Tarot reading is certainly the most popular form of cartomancy, and possibly the most common form of divination in the US. It uses a specialised deck of playing cards originally used for various trick-taking games; while there are several variations on the structure of this deck, if you pick up a deck at random it will probably follow the Smith-Waite structure. The original Smith-Waite deck was published in 1910 by William Rider and Son of London, having been created by scholar/occultist Arthur Edward Waite and artist/occultist Pamela Colman Smith. (This style of deck is also referred to as Rider-Waite, Rider-Waite-Smith (RWS), Waite-Colman Smith (WCS), and other permutations; I prefer Smith-Waite since Smith created the art and that’s kind of an important contribution.)

The Smith-Waite deck consists of 78 fully-illustrated cards: the “Major Arcana” are 22 cards numbered from 0-21 and the “Minor Arcana” are four suits (wands, pentacles, cups, and swords) of 14 cards each (ace to 10, page, knight, queen, and king.) The Smith-Waite deck wasn’t the first deck to have illustrated scenes on all 78 cards, but it was the first to be widely available. It was also packed with occult symbolism that was further expounded upon in A. E. Waite’s The Key to the Tarot, published in 1911. While it’s possible to do cartomancy with any deck of cards, the combination of complex illustrated scenes and systematized symbolism makes the Smith-Waite deck (and others inspired by it) particularly suited to the practise.
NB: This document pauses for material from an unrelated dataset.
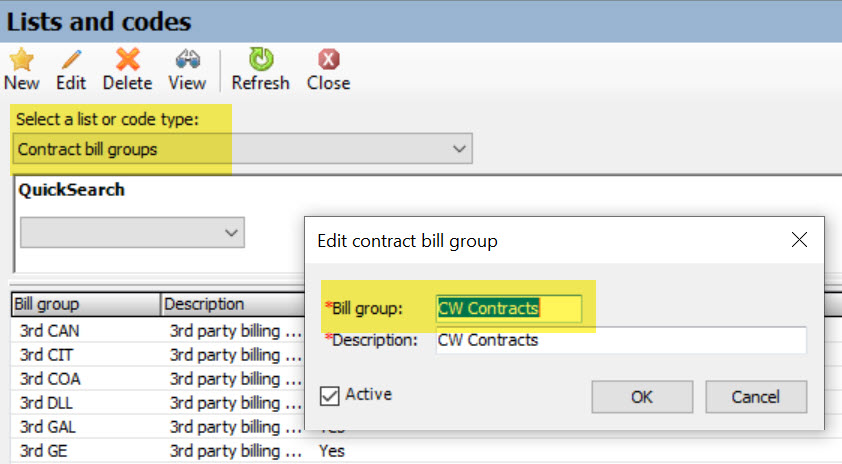 Contract bill groups are found in EA by going to Tools and then Lists and codes and then selecting contract bill groups from the drop down list. Bill groups only contain two fields: bill group an description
Reproductions, reprints, recolourings, and redrawings of the original Smith-Waite deck are widely available, but I don’t actually own one. The closest I think I have is the Color Your Own Tarot illustrated by Echo Chernik.

Tarot deck, box, and three-card spread

This deck is decent quality cardstock and uncoated, which makes it less nice to handle and shuffle than a coated deck but better for colouring on. My deck is not yet coloured because I lack the necessary confidence, but I swear I’ll get around to it. Someday.

The small accompanying pamphlet provides some keywords or phrases for each card in either upright or reversed position and a brief meaning of each suit. (A sidenote on reversed meanings: I personally think that 78 cards provide enough nuance on their own, so I normally ignore card orientation completely. As with everything else in divination, there’s no wrong approach.)

Queen of Pentacles

There are a number of traditional “spreads” (layouts) used for cartomancy, but we’re going to start with the simplest form of tarot reading, the single card. Decide on a query, then shuffle the deck and pull a card. People will then either interpret it by intuition based on the art and how they feel it relates to the query, or work off of traditional meanings.

Looking up the Queen of Pentacles in the booklet we find “opulence, magnificence, life of pleasure”, while A. E. Waite would add security, liberty, and generosity to that list.